Data:

************

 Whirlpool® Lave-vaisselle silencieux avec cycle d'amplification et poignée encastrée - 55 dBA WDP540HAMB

************

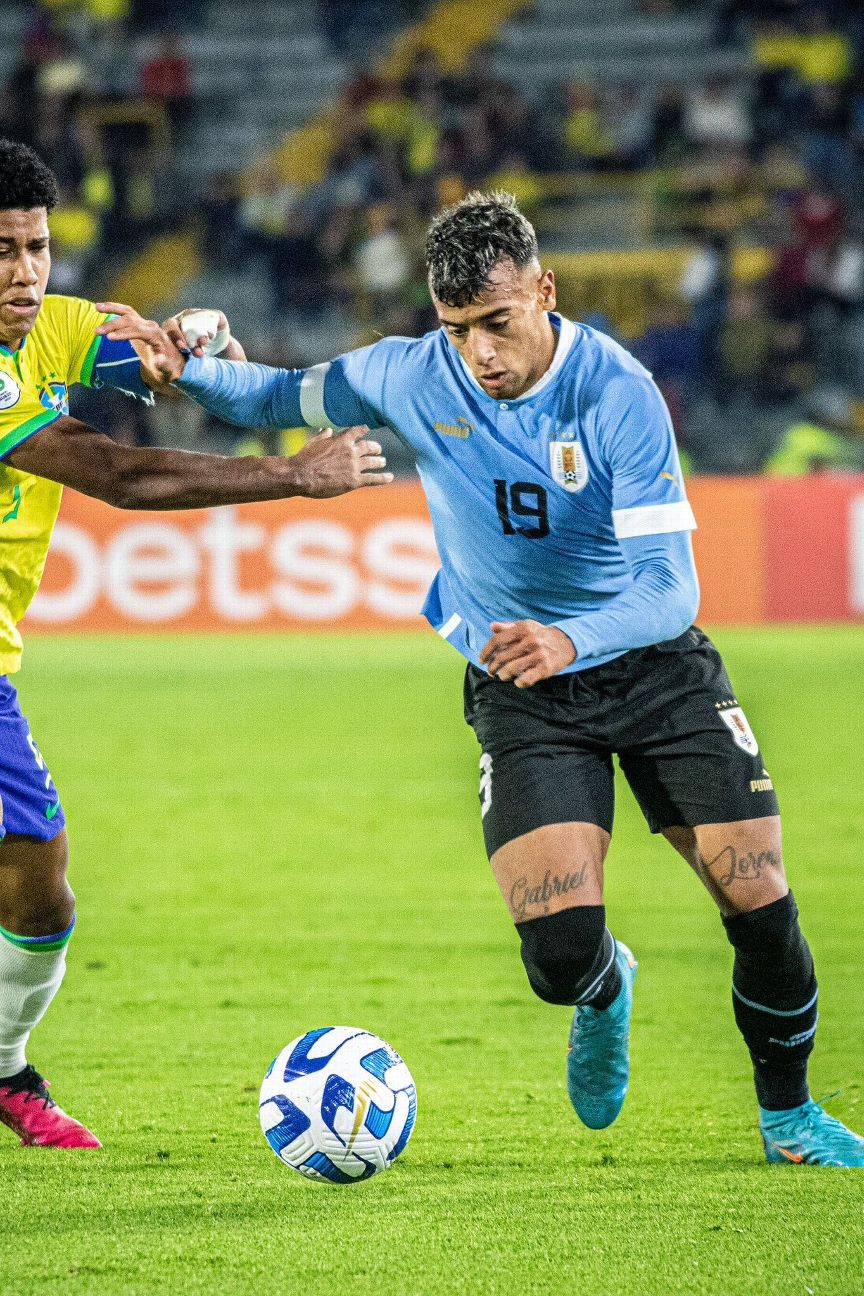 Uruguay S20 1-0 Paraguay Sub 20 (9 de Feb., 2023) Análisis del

************

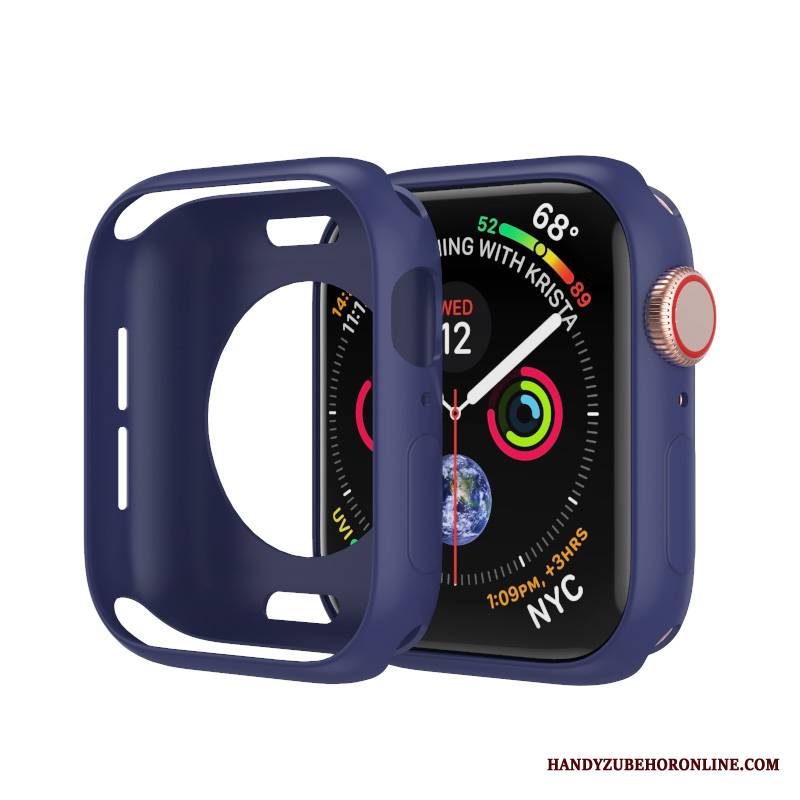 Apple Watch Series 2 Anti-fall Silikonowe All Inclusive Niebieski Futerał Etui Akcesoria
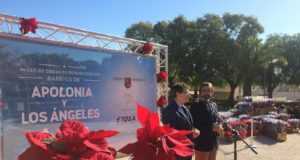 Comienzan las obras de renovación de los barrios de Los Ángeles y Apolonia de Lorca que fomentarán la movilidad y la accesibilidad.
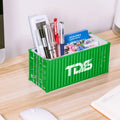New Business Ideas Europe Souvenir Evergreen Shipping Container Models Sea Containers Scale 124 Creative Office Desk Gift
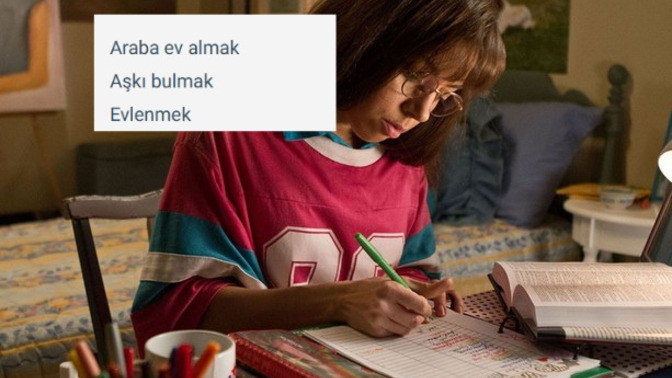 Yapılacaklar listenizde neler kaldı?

************

Work request: Start with the line above containing "New Business Ideas" and end with the line containing "Yapılacaklar listenizde neler kaldı?". Set down that stretch exactly, without any pictures.

Task answer:
New Business Ideas Europe Souvenir Evergreen Shipping Container Models Sea Containers Scale 124 Creative Office Desk Gift
 Yapılacaklar listenizde neler kaldı?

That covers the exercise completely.